Il terzo problema sono gli sbalzi d’umore. Ormai vivo costantemente in un’altalena di emozioni che mi portano dall’euforia più alta alla depressione più cupa, senza sfumature in mezzo e senza alcuna logica: una sorta di Dottor Jekyll e Mr. Hyde. Anzi: un momento sono Charlie Bucket de “La fabbrica di cioccolato” quando trova il biglietto d’oro e subito dopo divento la copia (scadente) di Severus Piton prima del grand finale.
Il quarto problema sono i sensi di colpa. Già, i sensi di colpa che mi fanno venire gli altri!
Gente per cui fino a ieri allacciarsi le scarpe era il massimo sforzo contemplato durante la giornata, ora è su Instagram a fare dirette in cui fanno sollevamento pesi con 12 casse d’acqua. Poi ci sono quelli che fanno snorkeling nella vasca da bagno, altri che scalano le pareti del salotto… e i restanti si sono scoperti chef.
Ma state bene?
Passate tutto l’anno a dire quanto vorreste stare a casa a riposarvi e ora vi trasformate in testimonial del “viver sani e belli”? Ma la smettete, per favore, che poi vi guardo, mi faccio suggestionare e vivo male perché inizio a pensare che dovrei fare anche io quello che fate voi, ma poi non ci riesco e me la vivo ancora peggio? Ma cosa vi ho fatto di male?!
Quello che più mi fa impazzire, però, è la demagogia presente in ogni dove.
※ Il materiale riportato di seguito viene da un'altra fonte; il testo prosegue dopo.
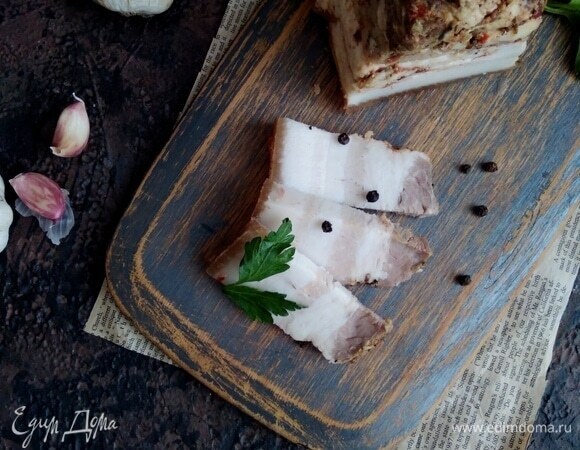 Поддержит в холода и пользы вагон: отмечаем День сала 18 ноября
Ogni giorno assistiamo a discorsi su discorsi carichi di nulla, portati avanti solo per cavalcare un’onda che purtroppo non ci aspettavamo e che mai avremmo voluto vedere.
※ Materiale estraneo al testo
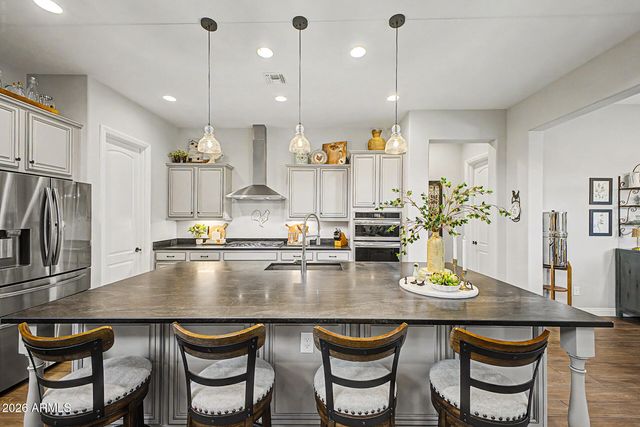 9847 W JESSIE Lane, Peoria, AZ 85383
Passo metà delle mie giornate a litigare con la televisione. La fisso, aspetto che l’invitato di turno inizi a parlare e, appena lo fa, ribatto con frasi ad effetto e conclusioni sommarie. In pratica sono a un passo dall’andare a guardare i cantieri.
Sì, sto impazzendo.
Sento di diventare sempre più paranoico ogni giorno che passa. Attualmente sono convinto che la mia ragazza, con cui convivo da un anno e che stoicamente sopporta tutto questo, voglia lasciarmi per scappare con il frullatore.
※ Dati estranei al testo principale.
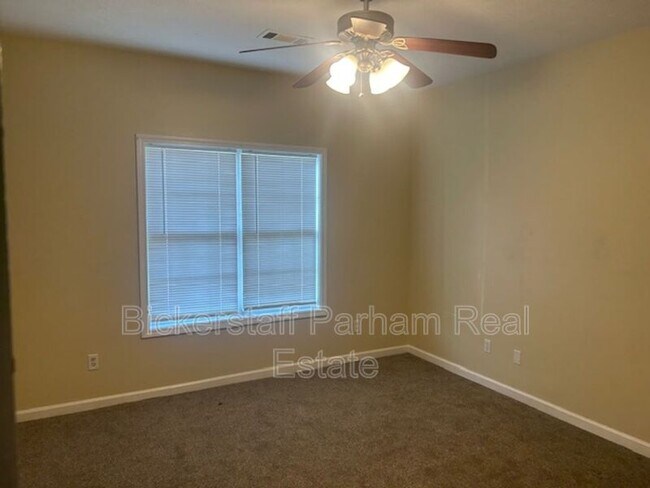 Building Photo - 806 N Railroad St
Ora che ci penso anche la lavastoviglie si comporta in modo strano, ultimamente. Credo sappia qualcosa. Indagherò.
Adesso vi chiederete dove, con questo assurdo delirio, io voglia arrivare. Quale sia la profonda conclusione a cui io voglia giungere. Quale insegnamento Zen voglia passare a voi che avete impegnato il vostro tempo a leggere tutto ciò. Bene, la risposta è… NESSUNO!
Non tirerò fuori nessuna perla di saggezza, nessuna conclusione supportata da dati scientifici o considerazioni filosofiche. Niente di niente!
Era chiaro fin dall’inizio: questo è un puro sfogo di normale follia da quarantena.